Sleep-disordered breathing (SDB) is a wellknown comorbidity in cardiovascular disease. Knowledge about SDB in adult congenital heart disease is limited.


Clinical Trial Description

Congenital heart defects (CHD) occur in approximately 1% of all live births. Around 5% of adults with CHD develop pulmonary arterial hypertension (PAH), with 25-50% of these patients exhibiting the most serious form, Eisenmenger syndrome. Eisenmenger syndrome is caused by a systemic-to-pulmonary shunt, which eventually leads to high pulmonary vascular resistance with right-to-left or bi-directional shunt. Right-to-left shunting reduces the systemic arterial oxygen capacity and consequently causes cyanosis, which may result in hypoxic tissue damage and multi-organ disease.

The natural history of Eisenmenger syndrome (ES) is generally poor compared to the general population with the latest reported actual survival rates of 94%, 74% and 52% at 40, 50 and 60 years of age, respectively. Until recently conventional symptomatic treatment with diuretics, digitalis, antiarrhythmic, anticoagulants, iron supplement, oxygen therapy, and ultimately heart-lung transplantation were the only options. Most patients die from progressive cardiovascular disease and heart failure, sudden heart death or haemoptysis.
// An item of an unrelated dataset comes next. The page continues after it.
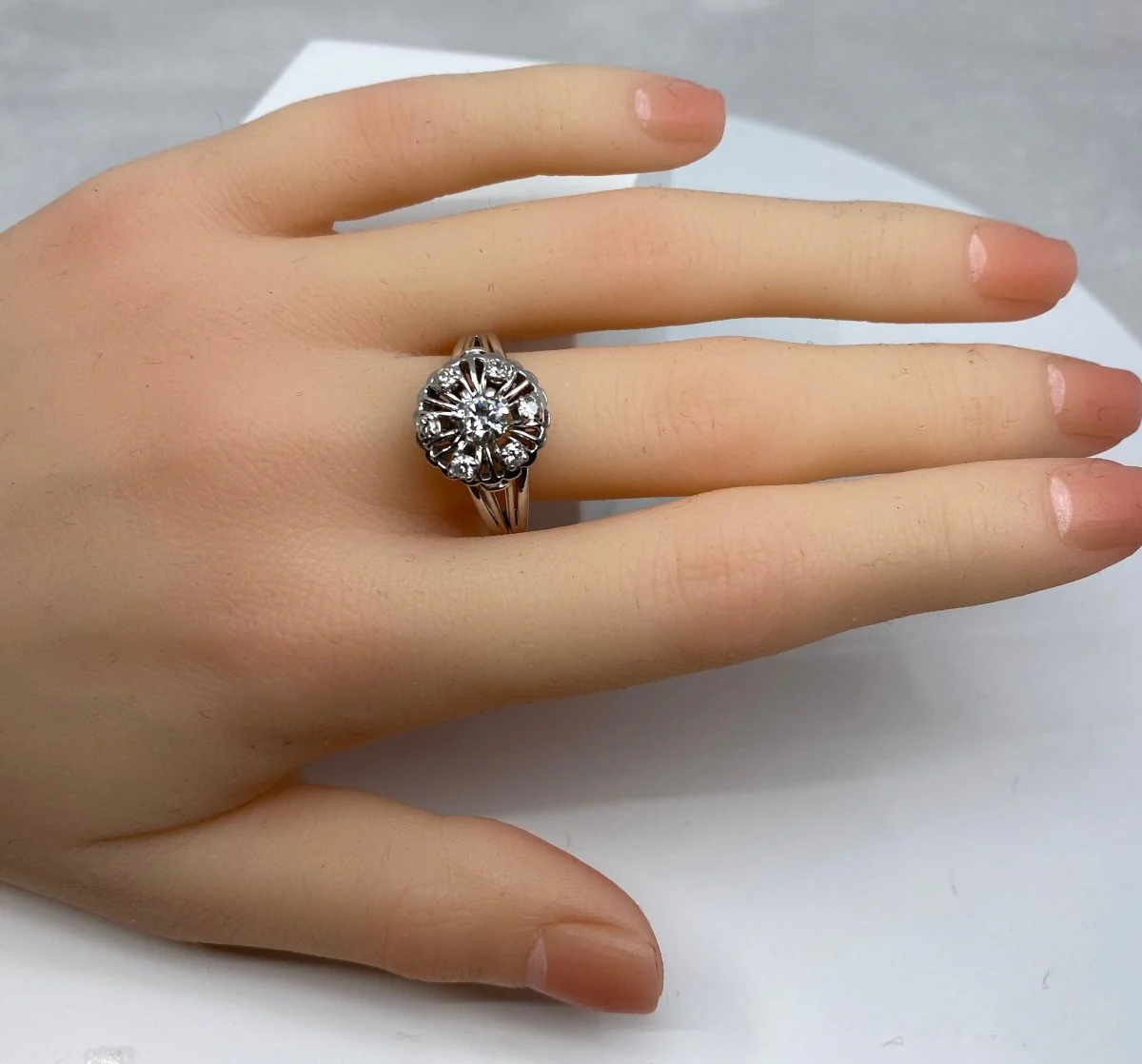 Round 18k gold daisy ring set with 7 brilliant-cut diamonds - Image 13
However, the introduction of advanced therapy (AT) has improved symptoms and may also have changed to prognosis of these patients. Thus, newer studies have shown beneficial effect of treatment with advanced therapy including endothelin receptor antagonists, phosphodiesterase-5 inhibitors, and prostanoids. These pulmonary vasodilators are now recognized as targeted therapy in Eisenmenger syndrome.

Sleep-disordered breathing (SDB) with predominantly obstructive or central sleep apnoea (OSA/CSA) with Cheyne-Stokes respiration (CSR) is shown to be a common comorbidity in patients with heart failure (HF), as it is present in at least 50 % of these patients. In the general Danish population the estimated prevalence is 3-18% in men and 5-7% in women.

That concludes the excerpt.